Ask just about anyone what one search term they want their blog or website to rank well for and you’ll likely hear, “My City Real Estate!”

And that’s all fine and dandy. But if you live in a city of any reasonable size (say one with more than a couple of dozen or so agents), ranking well for this “gold standard” may be difficult. You’re going to find yourself up against very old websites and blogs that may have thousands of backlinks. Cracking the Top 10 in Google for something akin to “Phoenix real estate” may well be the Impossible Dream.

And here’s the deal…

You don’t have to rank well for “your city real estate”.

Exploit the Long Tail

Chris Anderson first wrote about The Long Tail in 2004 (see Long Tail 101 for his explanation). Briefly (and with apologies to Mr. Anderson for the gross over-simplification) the Long Tail works kind of like this…
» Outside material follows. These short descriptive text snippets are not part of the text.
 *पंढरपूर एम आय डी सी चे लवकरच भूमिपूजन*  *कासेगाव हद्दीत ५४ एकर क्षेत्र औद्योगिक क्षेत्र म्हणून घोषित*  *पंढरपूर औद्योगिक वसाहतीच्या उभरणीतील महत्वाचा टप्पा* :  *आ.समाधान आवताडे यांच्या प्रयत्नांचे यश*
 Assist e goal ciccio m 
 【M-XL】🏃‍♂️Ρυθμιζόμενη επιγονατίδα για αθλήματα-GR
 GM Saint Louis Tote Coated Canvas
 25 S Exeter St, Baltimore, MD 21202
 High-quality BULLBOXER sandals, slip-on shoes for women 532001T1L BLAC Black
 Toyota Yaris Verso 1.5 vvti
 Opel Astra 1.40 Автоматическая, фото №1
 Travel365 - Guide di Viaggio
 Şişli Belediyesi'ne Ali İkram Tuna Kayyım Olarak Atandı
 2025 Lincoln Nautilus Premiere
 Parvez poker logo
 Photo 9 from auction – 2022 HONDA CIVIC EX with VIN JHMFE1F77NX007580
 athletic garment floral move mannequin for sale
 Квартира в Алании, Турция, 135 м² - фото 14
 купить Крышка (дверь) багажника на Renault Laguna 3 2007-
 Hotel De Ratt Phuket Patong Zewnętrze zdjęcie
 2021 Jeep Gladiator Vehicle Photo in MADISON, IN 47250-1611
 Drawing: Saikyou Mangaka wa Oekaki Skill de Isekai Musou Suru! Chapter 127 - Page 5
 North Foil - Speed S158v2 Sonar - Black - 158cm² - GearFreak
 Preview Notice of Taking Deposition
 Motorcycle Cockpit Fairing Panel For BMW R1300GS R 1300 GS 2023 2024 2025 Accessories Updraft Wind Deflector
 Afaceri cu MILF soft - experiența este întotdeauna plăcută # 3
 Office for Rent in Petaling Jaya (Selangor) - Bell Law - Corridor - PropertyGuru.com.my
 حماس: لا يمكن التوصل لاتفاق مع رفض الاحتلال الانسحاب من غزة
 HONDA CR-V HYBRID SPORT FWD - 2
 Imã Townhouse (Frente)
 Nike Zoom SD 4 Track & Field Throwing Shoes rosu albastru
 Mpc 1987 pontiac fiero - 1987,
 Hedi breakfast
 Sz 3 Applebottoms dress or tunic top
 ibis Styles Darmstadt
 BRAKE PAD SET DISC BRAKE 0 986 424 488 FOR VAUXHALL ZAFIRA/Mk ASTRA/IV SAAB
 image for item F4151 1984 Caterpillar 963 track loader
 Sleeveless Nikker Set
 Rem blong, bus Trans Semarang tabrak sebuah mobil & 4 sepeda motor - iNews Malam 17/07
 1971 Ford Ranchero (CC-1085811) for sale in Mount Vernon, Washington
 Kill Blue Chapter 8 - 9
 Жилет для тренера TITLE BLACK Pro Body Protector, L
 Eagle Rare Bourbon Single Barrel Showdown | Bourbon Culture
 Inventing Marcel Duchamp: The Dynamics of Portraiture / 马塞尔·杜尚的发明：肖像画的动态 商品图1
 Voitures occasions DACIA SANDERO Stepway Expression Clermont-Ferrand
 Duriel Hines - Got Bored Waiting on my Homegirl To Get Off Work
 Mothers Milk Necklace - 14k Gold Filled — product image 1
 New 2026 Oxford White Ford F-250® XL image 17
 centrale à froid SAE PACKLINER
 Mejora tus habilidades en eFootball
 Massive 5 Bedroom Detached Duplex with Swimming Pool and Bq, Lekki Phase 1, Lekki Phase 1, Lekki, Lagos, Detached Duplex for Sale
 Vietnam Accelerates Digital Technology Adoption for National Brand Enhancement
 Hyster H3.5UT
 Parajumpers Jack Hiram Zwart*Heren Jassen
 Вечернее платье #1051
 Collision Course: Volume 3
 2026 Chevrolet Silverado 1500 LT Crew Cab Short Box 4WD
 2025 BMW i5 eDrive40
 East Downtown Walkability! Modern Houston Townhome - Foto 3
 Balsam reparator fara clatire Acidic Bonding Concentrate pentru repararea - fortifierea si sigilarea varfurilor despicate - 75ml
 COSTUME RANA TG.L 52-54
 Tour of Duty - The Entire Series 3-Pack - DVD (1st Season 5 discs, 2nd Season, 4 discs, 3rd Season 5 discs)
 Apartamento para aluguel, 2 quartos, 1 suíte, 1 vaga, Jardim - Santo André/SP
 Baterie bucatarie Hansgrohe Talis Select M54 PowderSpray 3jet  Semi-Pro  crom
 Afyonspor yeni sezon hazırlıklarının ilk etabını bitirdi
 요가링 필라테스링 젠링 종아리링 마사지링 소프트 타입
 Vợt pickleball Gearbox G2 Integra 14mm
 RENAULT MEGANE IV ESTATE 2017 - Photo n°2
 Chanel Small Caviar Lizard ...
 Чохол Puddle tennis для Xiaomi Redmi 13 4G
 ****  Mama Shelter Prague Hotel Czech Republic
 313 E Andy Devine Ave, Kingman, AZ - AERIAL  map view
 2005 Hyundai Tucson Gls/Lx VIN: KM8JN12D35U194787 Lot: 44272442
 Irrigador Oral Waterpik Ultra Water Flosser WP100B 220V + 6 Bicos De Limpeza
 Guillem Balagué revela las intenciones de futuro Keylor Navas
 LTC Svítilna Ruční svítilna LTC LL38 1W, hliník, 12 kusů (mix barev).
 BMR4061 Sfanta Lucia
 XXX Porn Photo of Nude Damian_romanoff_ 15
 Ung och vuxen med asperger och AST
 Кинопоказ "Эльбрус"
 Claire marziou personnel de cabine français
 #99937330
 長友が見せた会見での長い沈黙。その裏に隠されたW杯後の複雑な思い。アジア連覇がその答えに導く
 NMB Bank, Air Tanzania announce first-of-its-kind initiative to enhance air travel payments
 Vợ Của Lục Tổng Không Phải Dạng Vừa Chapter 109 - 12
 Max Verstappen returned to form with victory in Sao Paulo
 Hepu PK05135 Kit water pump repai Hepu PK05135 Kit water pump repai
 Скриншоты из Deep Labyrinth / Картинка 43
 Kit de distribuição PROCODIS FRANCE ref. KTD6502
Walk into a bookstore. You’ll probably run smack into the shelf holding the New Your Times Best-Sellers. Why? Because shelf space is expensive and limited. Best sellers sell — that’s why they are best sellers. Oh sure, you’ll find a bunch of other titles on the shelves too, but it’s those best sellers that make the registers sing.

Now take a virtual walk into Amazon.com. There you will find tens of thousands of books. Amazon doesn’t have to pay storefront fees to stock a bazillion titles. Yes, they still sell tons of best sellers, but they sell a ton more of far more obscure titles. Let’s say (for example, I don’t have the data) that Amazon makes 20% of their sales from best sellers. That means they make 80% from the rest — the Long Tail.

Search engines work in similar ways. There is no question that a term like “Phoenix Real Estate” will be used by many people going to Google. But many more will cumulatively use “longer” search terms — “Subdivision real estate”, “Phoenix homes on golf courses”, “can a Canadian buy a home in Phoenix”, etc. etc. very etc.

Laser Focus: Shoot for Niche Targets

Take advantage of the fact that people search a jazillion different ways for the same thing. Keep in mind also that people are getting better at using search engines to find what they are looking for.

Take for example someone that lives in Subdivision X (or wants to buy in Subdivision X). They are quite likely to Google “subdivision x real estate” or “subdivision x realtor” or even “sell my home in subdivision x”. They are learning that those search terms will probably return better results than a generic city search.

If you target “Subdivision X” as a search term, even in a very large market, you are much more likely to command a top search position. Why? The answer is simple…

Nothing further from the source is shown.